2) In August 1992, researchers announced that they had managed through genetic engineering to produce mice that developed cystic fibrosis. Scientists believed that by studying the course of this disease in mice, they would be able to devise new therapies for the treatment of this usually fatal disease in humans. Follow up on either this development or some other development involving the genetic engineering of laboratory animals to further medical research. Discuss what is involved in the procedure, how it was developed, the results to date, and the ethical debate that may have ensued about its practice. The primary focus of the paper should discuss the ethical debate surrounding the topic.
1) Locate and study multiple versions of any fairy tale. Having read the versions, identify—and write your paper on—what you feel are the defining elements that make the tales variants of a single story. See if you can find the tale listed as a “type” in Aarne and Thompson, The Types of Folk-Tales.
2) Literary critics such as Kathi Maio, Madonna Kolbenschlag and Jack Zipes, author of Breaking the Magic Spell (1979), have taken the approach that fairy tales are far from innocuous children’s stories; rather, they inculcate the unsuspecting with the value system of the dominant culture.

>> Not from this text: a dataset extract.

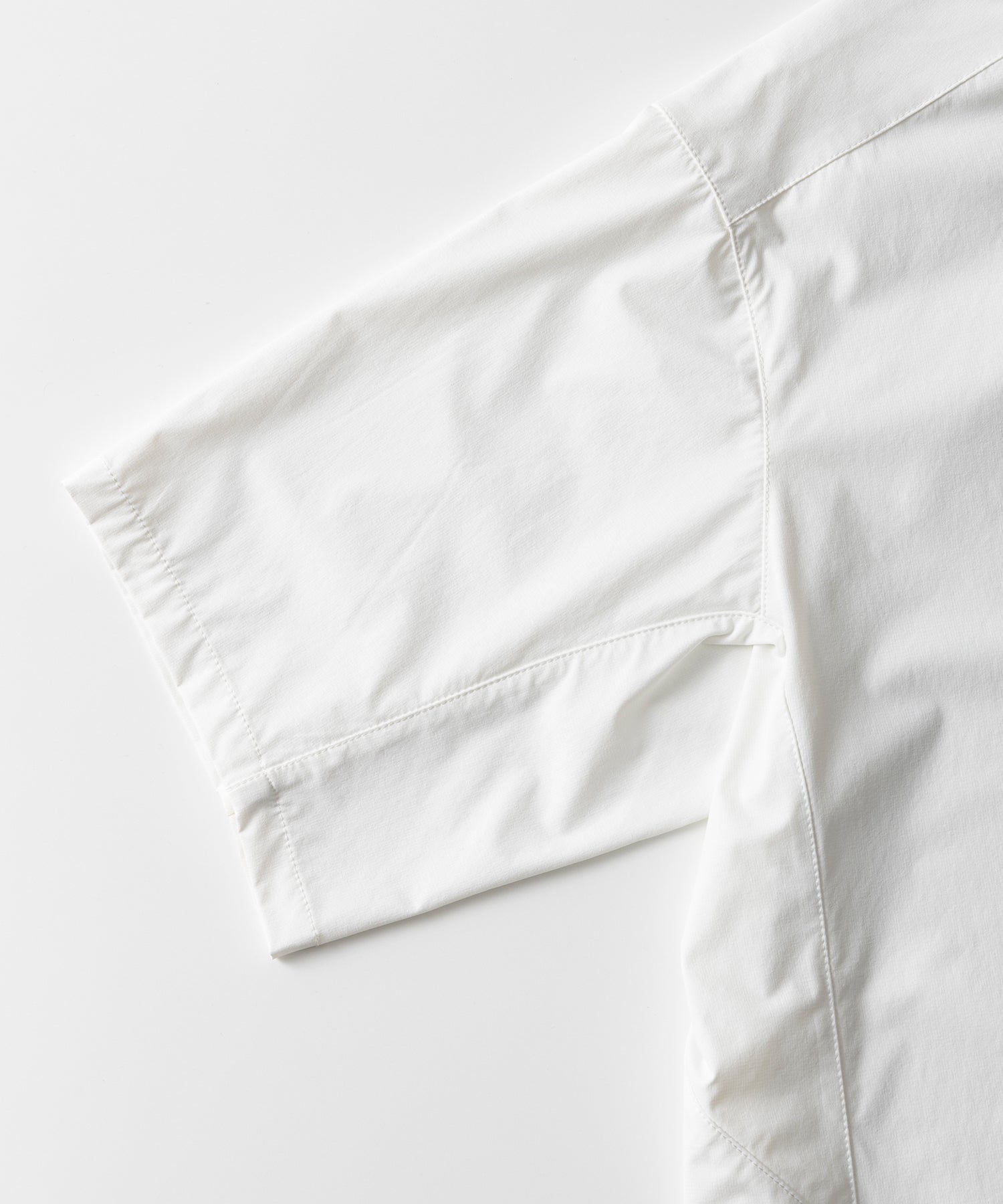 AIRFLOW SHORT SLEEVE SHIRT / エアフロー ショートスリーブシャツ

Write a paper in which you explicitly address the assumption that fairy tales are not morally or politically neutral, but rather imply a distinct set of values.

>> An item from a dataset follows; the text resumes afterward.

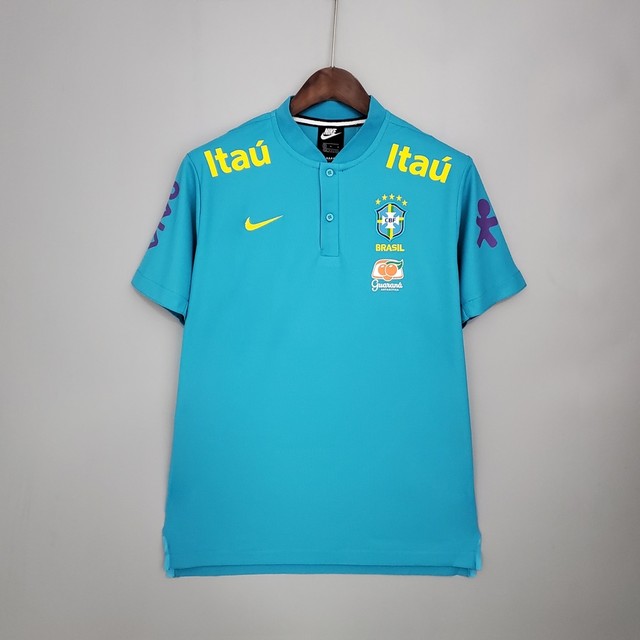 camisa selecao brasileira viagem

The Beast Within: Perspectives on the Horror Film
1) Select three or four films that comprise a subgenre of the horror film—for example, Dracula or Frankenstein films, or some of the more recent “slasher” films. Rent and view these films. Then, research 1) the conventions of this particular subgenre and 2) comments by reviewers and critics. In your paper, relate the particulars of individual films to the conventions of the genre or subgenre. Show how a particular event, or motif, for example, follows the convention or varies from it. Compare and contrast what happens in one film to a corresponding event in another, giving reasons for the differences, and discussing the effects of these variants. To sharpen the focus, you may want to confine your attention to just one crucial or representative scene in each film (for example, the first appearance of the beast or its ultimate defeat).
2) If you’d like a change from horror, select another standard film genre; for example, the Western, the detective film, the gangster film, the film noir, the musical, the science fiction film, the war film, the screwball comedy, the black comedy, the family drama, the social problem film. Write a paper discussing the conventions of the genre using examples from various films for support.

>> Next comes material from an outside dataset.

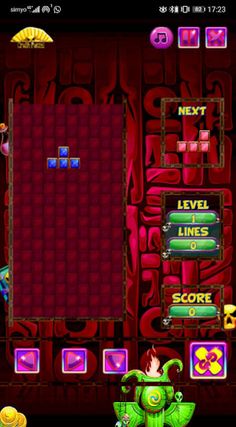 Crush Puzzel - Screenshot 4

3) The theme of some horror and science fiction films concerns either a misuse of scientific research—and, as a corollary, the arrogance of scientists—or a corruption of technology. Many of the early horror films include some variation of the line, “I/you have meddled in things that man should leave alone!” Research this particular aspect of horror films—the motif of the mad scientist or of technology as malign, dangerous, or even blasphemous (that is, encroaching on areas that belong rightfully to the deity). Focus particularly on films that deal to some degree with the ways that horror or science films imply or dramatize attitudes toward science and technology.